The Battlefield Where the Girls Say I Love You



That's just the thing: we will never tell you we love you. In fact, we're here only to hold hands across state lines and yell at the world. We're here to try to touch you across this chasm of flown things. Not even that. At most, I will teach you how to make a gin smoothie when there's nothing left in the house. Hannah can teach you several languages and what to do when your car breaks up with you. Thanks for coming out.

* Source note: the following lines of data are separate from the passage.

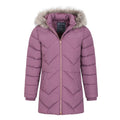 Violett - Pack Shot - Mountain Warehouse - "Galaxy" Steppjacke Wasserbeständig für Kinder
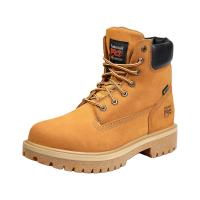 Timberland PRO 男士 6 英寸（约15.24 厘米）软脚趾绝缘防水工作靴 万寿菊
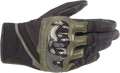 ALPINESTARS Chrome Gloves - Black/Forest - 2XL 3568721-1681-2X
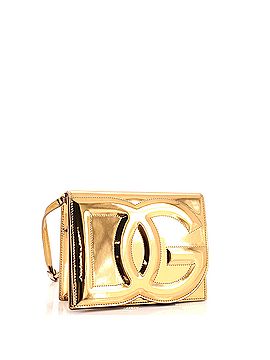 Dolce & Gabbana DG Logo Flap Shoulder Bag Leather Small (view 2)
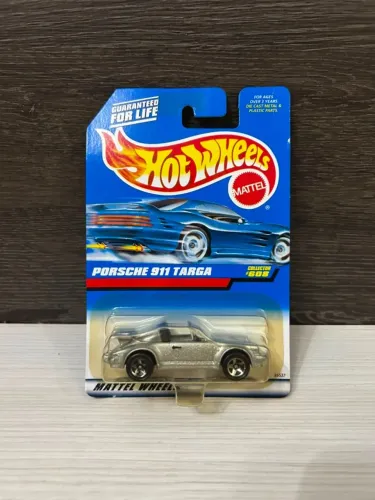 Hot Wheels Vintage 1998 Porsche 911 Targa Prata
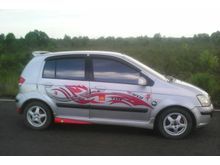 getz tahun 2007 mulus body kaleng pajak hidup mesin mantap siap pakai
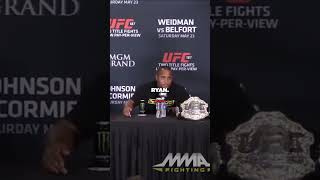 When Daniel Cormier humbled Ryan Bader ufc [upl. by Neelav873]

Wednesday, September 12, 2007

oh no.

i don't even know how to preface this one. so, we have this wine tasting at the restaurant yesterday. (hi, it's mamie). the reps leave no less than 50 bottles behind. adam and i fill paper bags silently, reverantly. we go home. we drink on the floor and out of champagne flutes (due to moving). so, this morning: i commute the forty-five minutes to the relatively conservative, private liberal arts college where i teach (okay, okay, i also went to school there). i commence to speaking about duende, lorca, about the internal bullfight, true investigation. society urges us toward indifference... i begin quoting from an e-mail jack sent our friend, sally: it is not enough to defend goodness; as artists, we must create the good. he concludes, i think, by suggesting we all put poems inside our days. it's beautiful.
i'm sweating. i've taken up the blackboard. my right eye is twitching due to sleeping for a week in my contacts. i've said without saying what i think about all who govern this country, but i have also said what a beautiful nation it is indeed. indeed! i am using the word "indeed" without thinking twice. the lecture is whitmanesque. it is wonderful and terrible. i stop. i'm hungover and have lost my mind. i take up their poems that are due today.
i notice that one student's has a color photograph scanned at the top of the page. it's of george bush. and he's waving. WAVING at us, at me, at the reader. i'm annoyed, but i think it must be ironic. it's not. it talks about freedom wafting through the air. i don't touch it, just stare at the student then back down at the thing. i say, this isn't poli-sci multimedia power point class. he blinks.
anyway. crushed.

4 comments:

Anonymous said...

one of the kids waiting for the bus this morning had a backpack with bush-cheney stickers all over it. she's in 1st grade. indeed.

eric said...

Crush'em any way you can and the younger, the better. nice work, may may. h, you need to do better. we're talking the future of the country here, indeed!

mendacious said...

no more crushing of spirits sensai. you must lead as the river carves its path.

sallylynn said...

i'm so happy that jack appeared in your lecture. it's another way of taking over the world, sans tanks.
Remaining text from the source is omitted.